Question

An oil refinery is located on the north bank of a straight river that is 2 km wide. A pipeline is to be constructed from the refinery to storage tanks located on the south bank of the river 3 km east of the refinery. The cost of laying pipe is $400,000 per km over land to a point P on the north bank and $800,000 per km under the river to the tanks. To minimize the cost of the pipeline, how far from the refinery should P be located? (Round your answer to two decimal places.)

Answer 1

Answer:

P is exactly 3km east from the oil refinery.

Step-by-step explanation:

Let's d be the distance in km from the oil refinery to point P. So the horizontal distance from P to the storage is 3 - d and the vertical distance is 2. Hence the diagonal distance is:

$\sqrt{(3 - d)^2 + 2^2} = \sqrt{(3 - d)^2 + 4}$

So the cost of laying pipe under water with this distance is

$800000\sqrt{(3 - d)^2 + 4}$

And the cost of laying pipe over land from the refinery to point P is 400000d.

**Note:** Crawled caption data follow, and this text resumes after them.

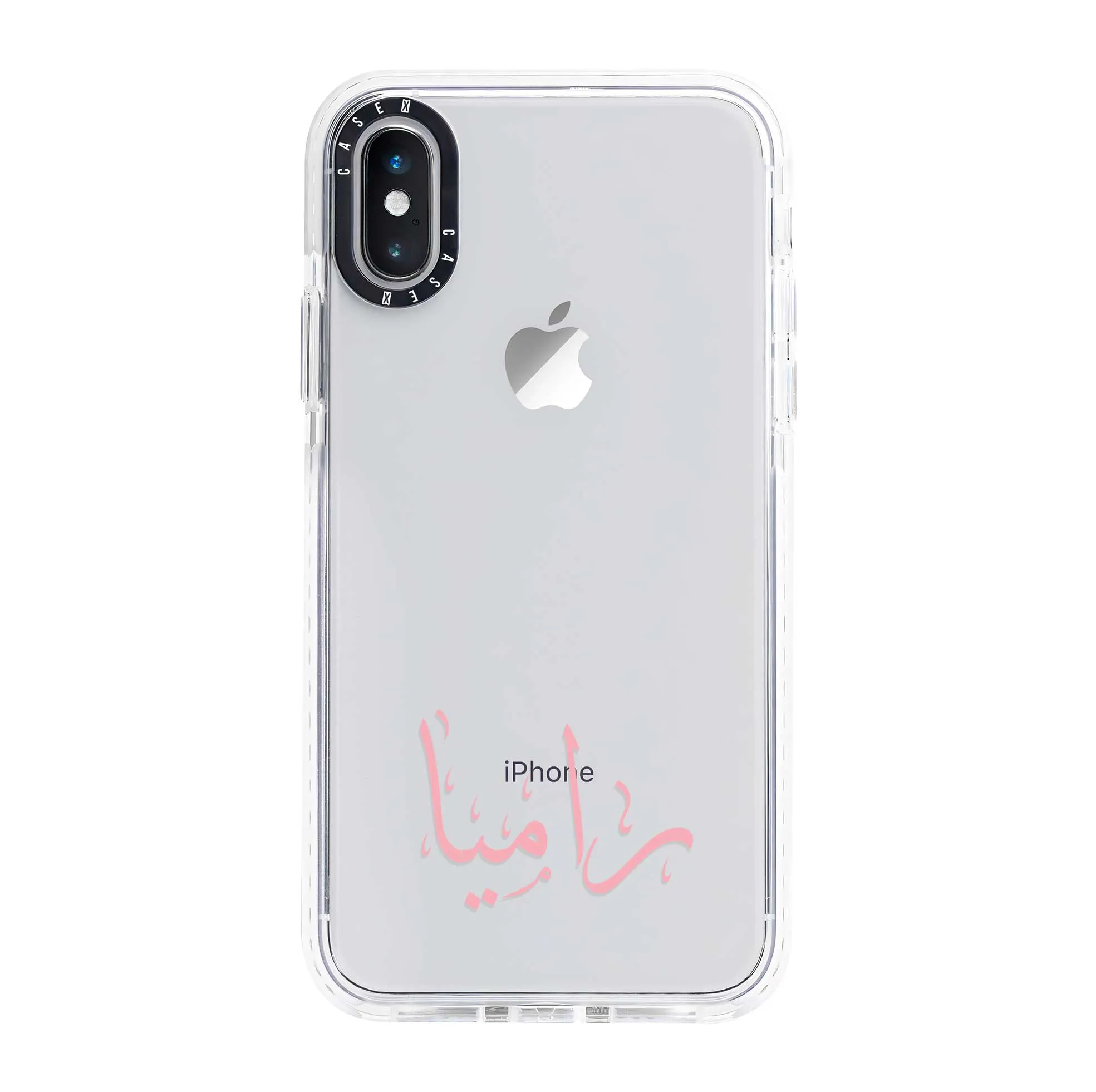 Pink Arabic Custom Name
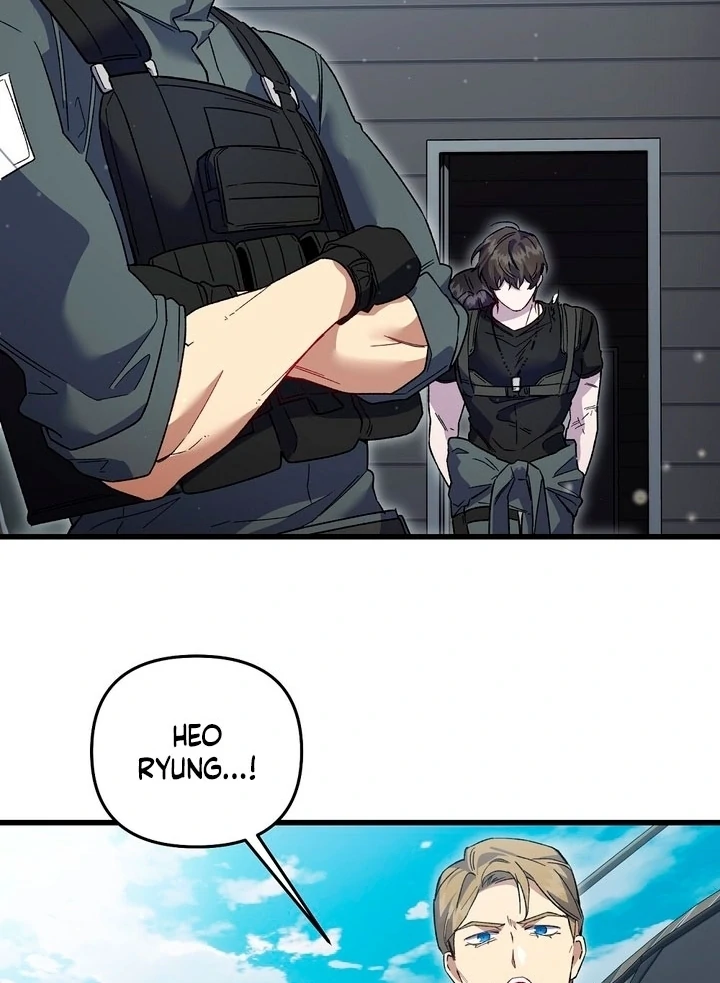 Read Please Shoot Me chapter 43 image 109 on Lezhin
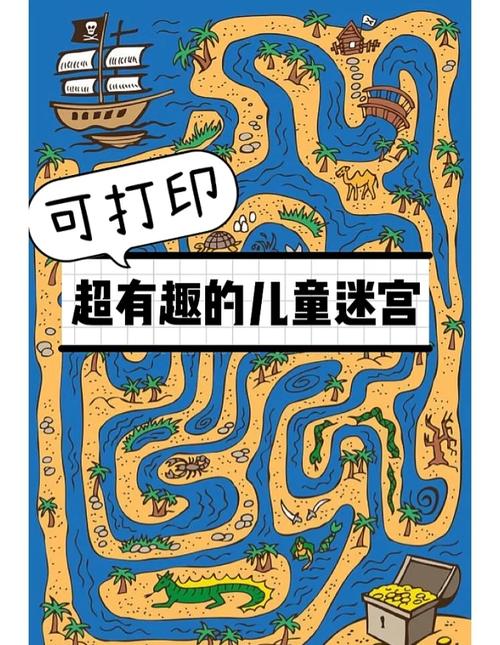 逃离迷宫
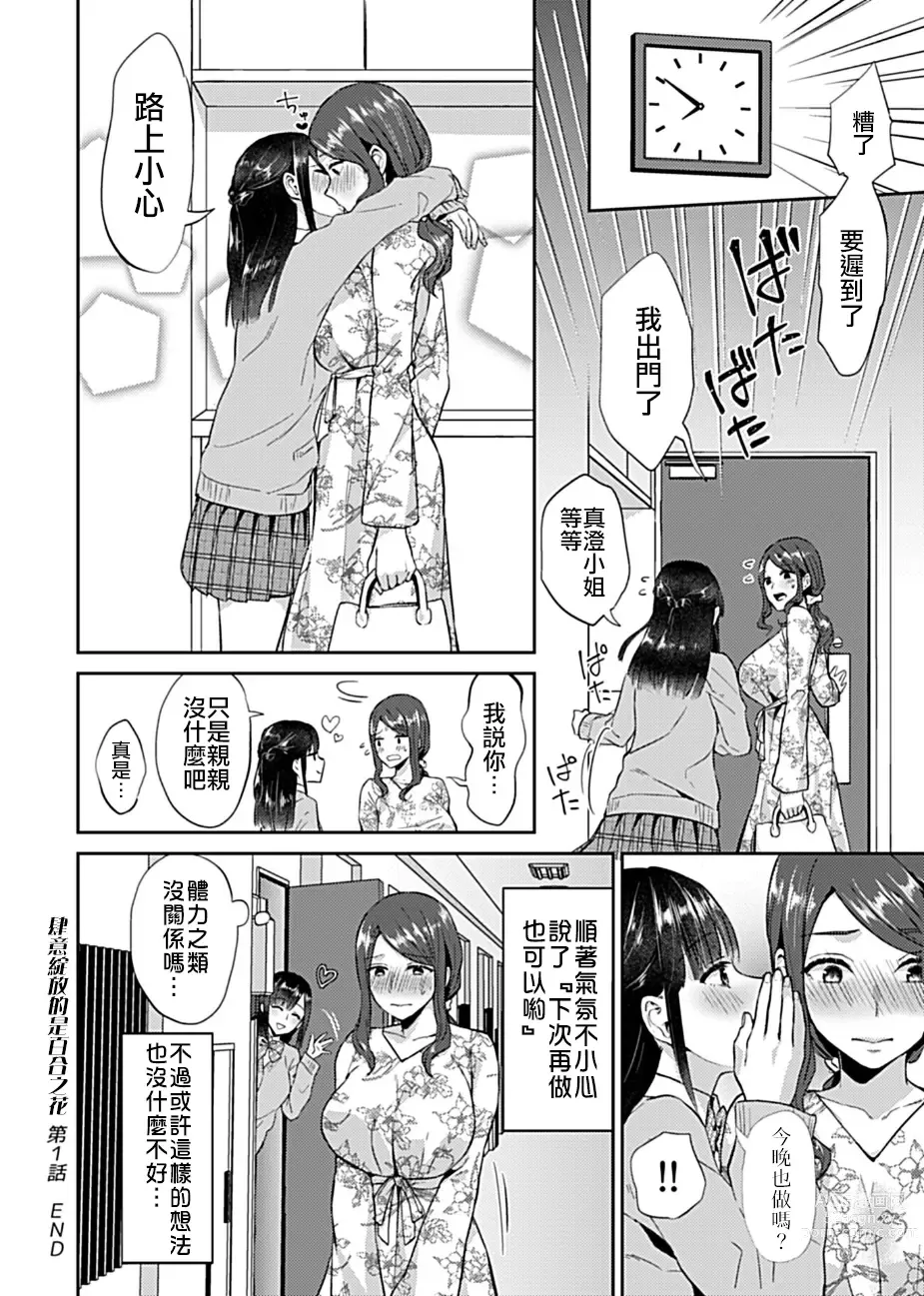 Page 22 of manga 肆意绽放的是百合之花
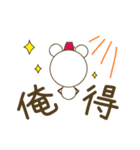 くまだるまちゃんのピース！なスタンプ（個別スタンプ：29）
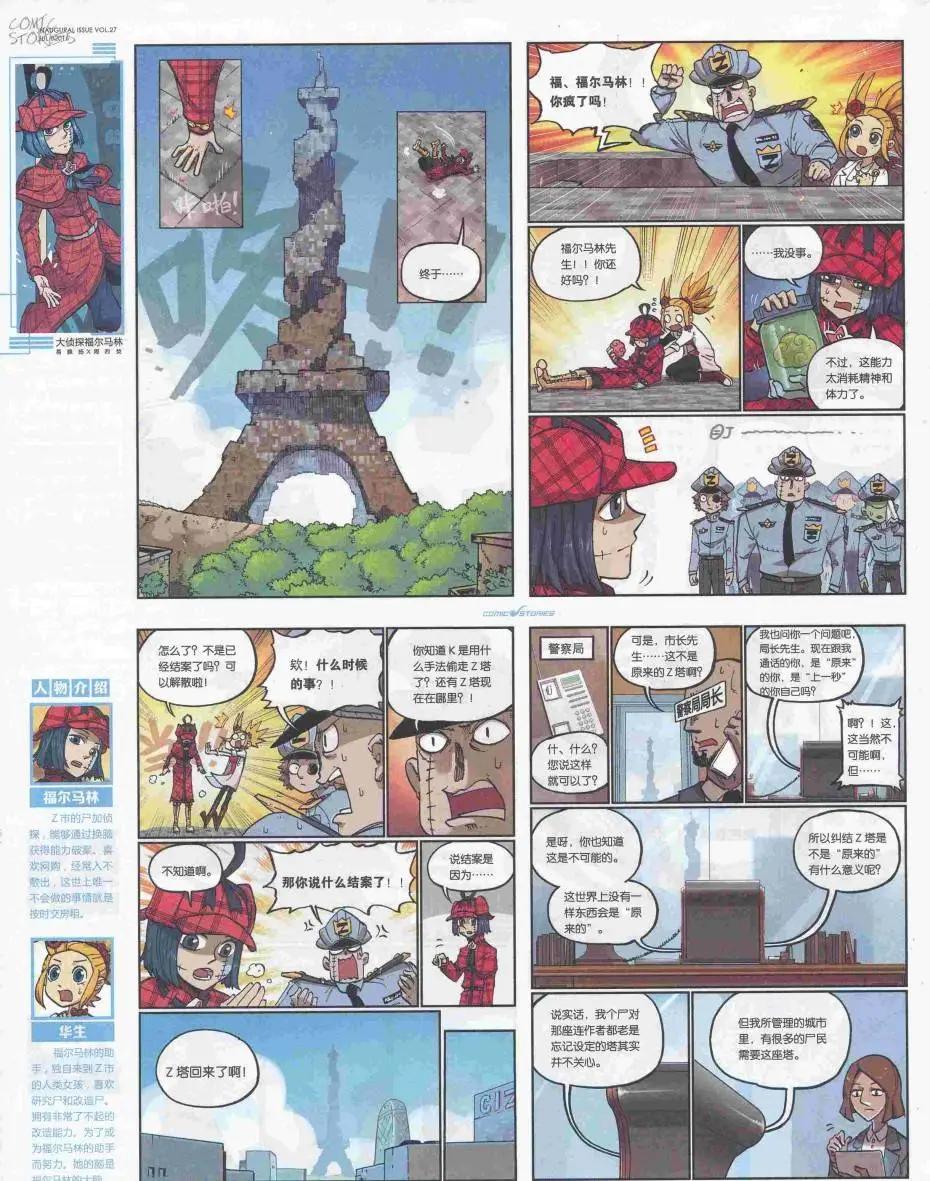 《漫画会》2016第07期（B） 第14页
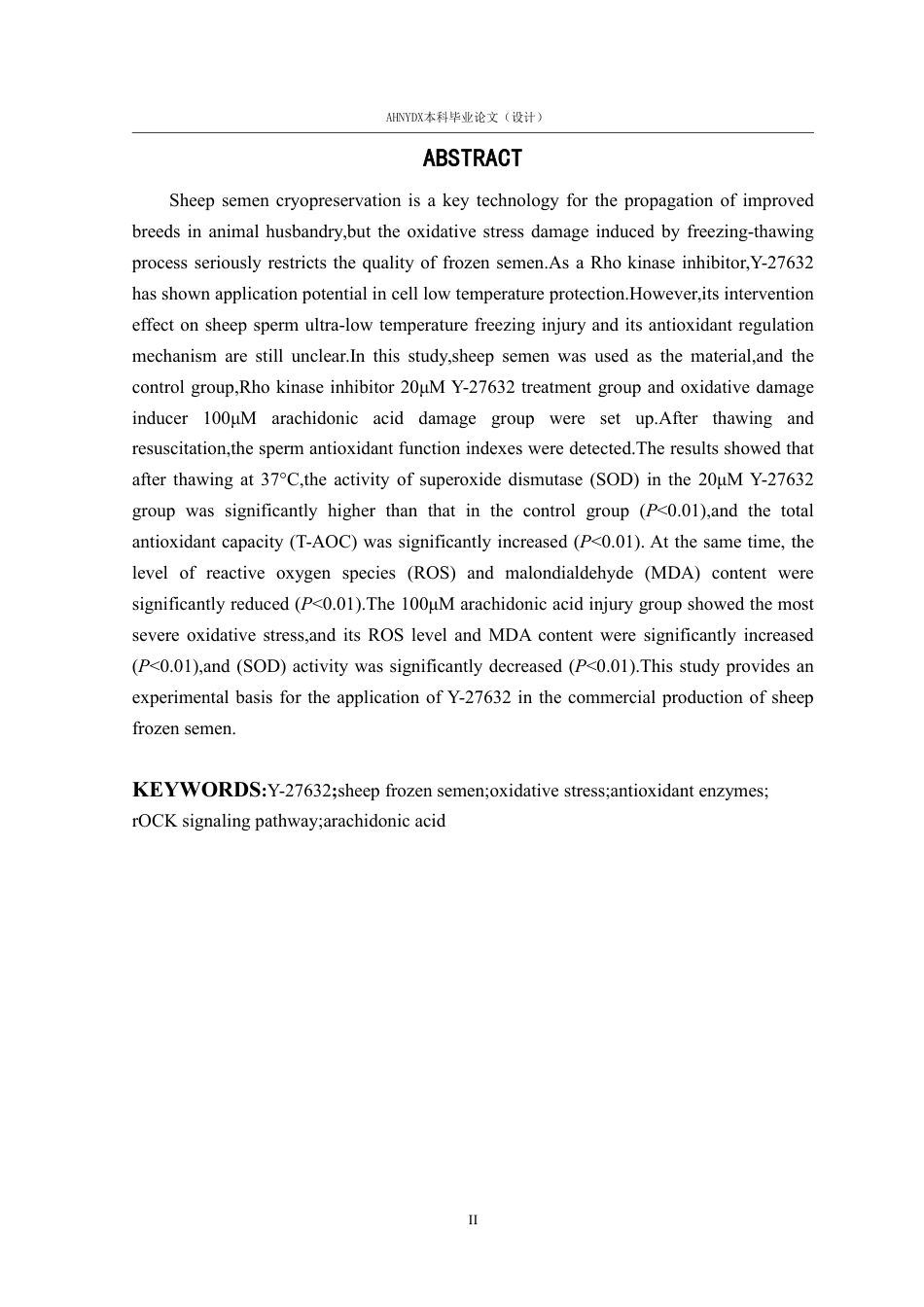 26年WP动物科学 Y27632对绵羊冷冻精子抗氧化功能的影响17.24-AI通过_1-约17656字符.pdf_第3页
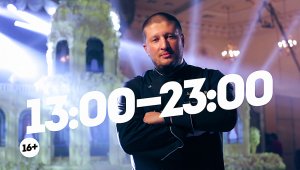 Кондитер и На ножах. Марафон. Суббота 13:00-23:00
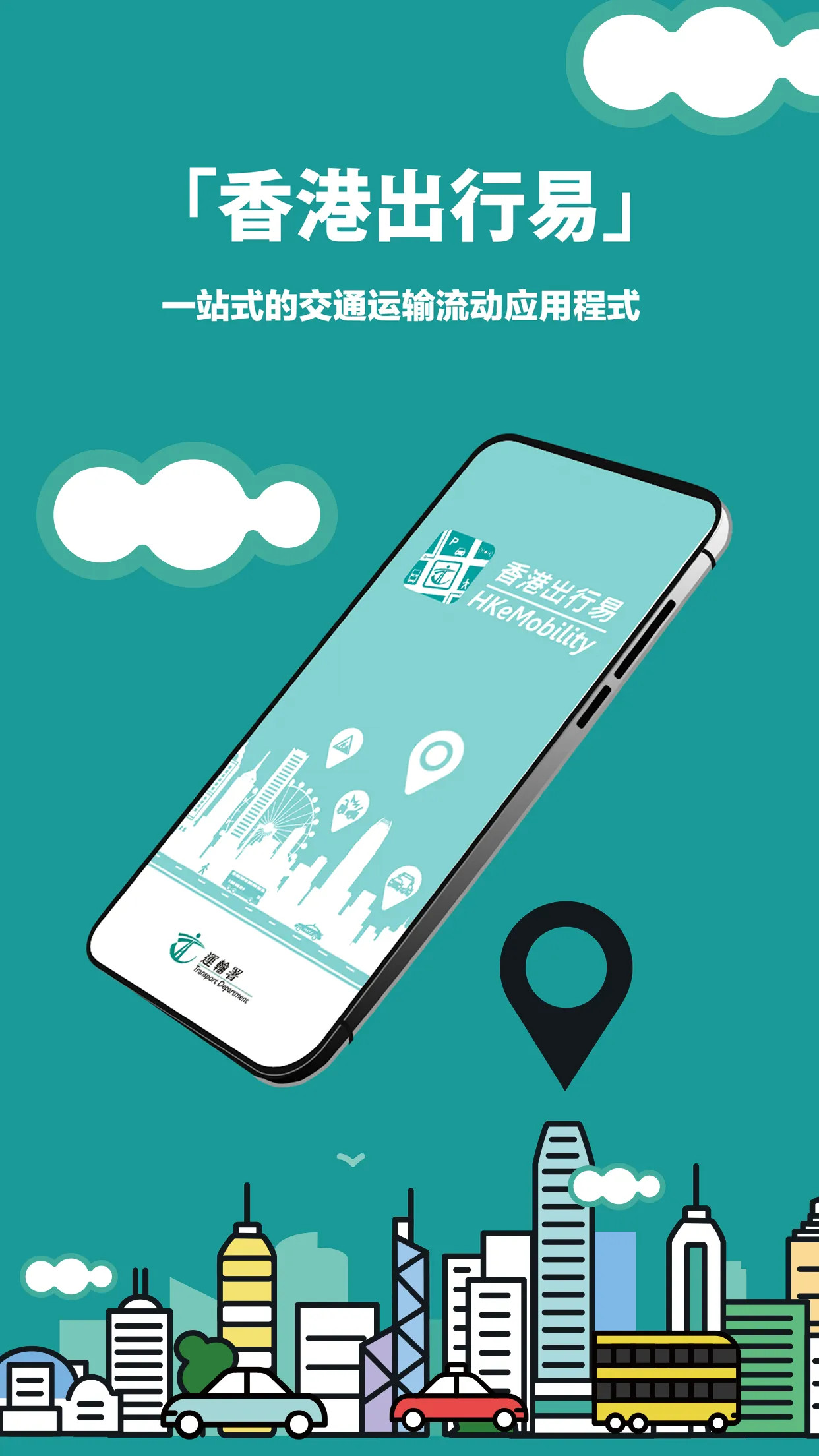 精彩截图-香港出行易2025官方新版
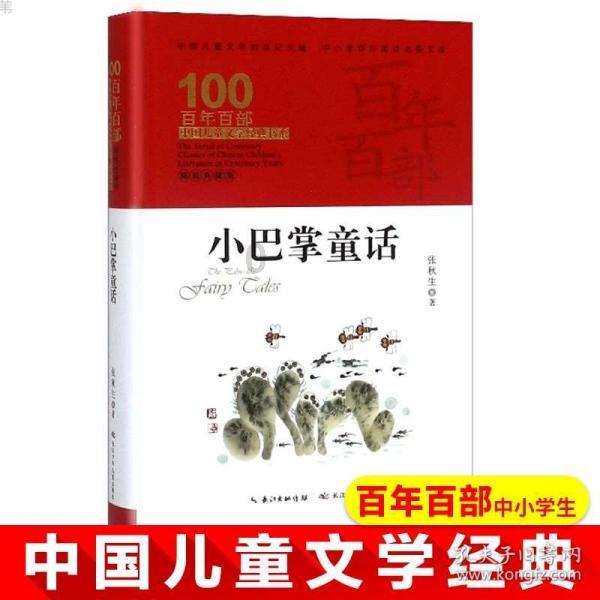 给小怪喂食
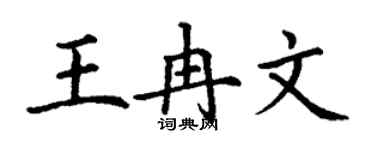 丁谦王冉文楷书个性签名怎么写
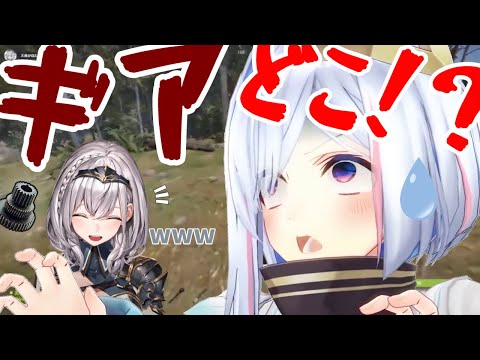 【ホロ鯖RUSTチーム戦】ギアを探し求めるかなたんを見て思わず笑ってしまう団長【天音かなた/白銀ノエル/さくらみこ/夏色まつり/姫森ルーナ/#ホロRUSTチーム戦/ホロライブ切り抜き】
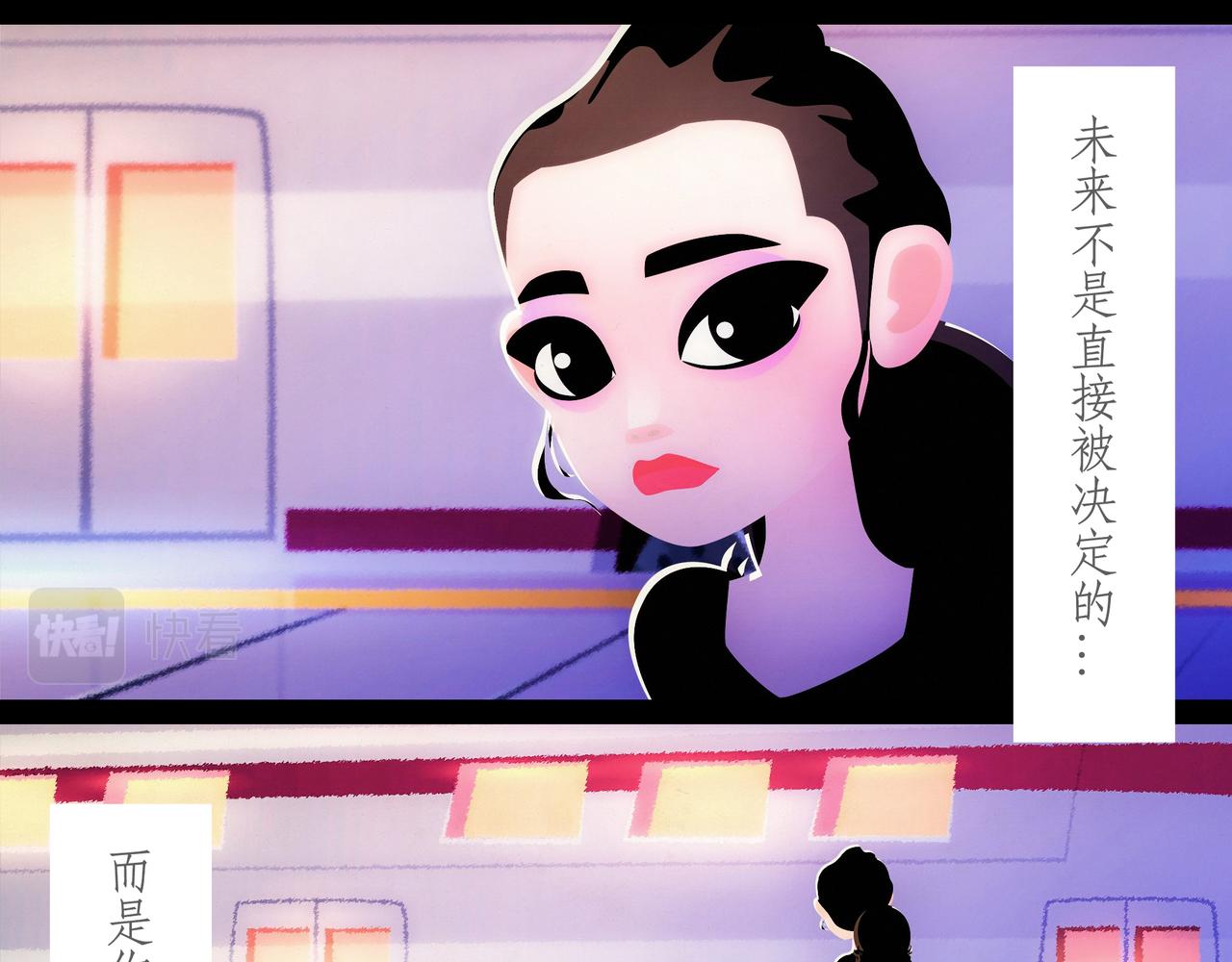 第二十五吻：谷底之吻-第26话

Hence the total cost:

$800000\sqrt{(3 - d)^2 + 4} + 400000d$

We can find the minimum value of this by taking the 1st derivative and set it to 0

$800000\frac{2*0.5*(3-d)(-1)}{\sqrt{(3 - d)^2 + 4}} + 400000 = 0$

We can move the first term over to the right hand side and divide both sides by 400000

$1 = 2\frac{3 - d}{\sqrt{(3 - d)^2 + 4}}$

$\sqrt{(3 - d)^2 + 4} = 6 - 2d$

From here we can square up both sides

$(3 - d)^2 + 4 = (6 - 2d)^2$

$9 - 6d + d^2 + 4 = 36 - 24d + 4d^2$

$3d^2-18d+27 = 0$

$d^2 - 6d + 9 = 0$

$(d - 3)^2 = 0$

$d -3 = 0$

d = 3

So the cost of pipeline is minimum when P is exactly 3km east from the oil refinery.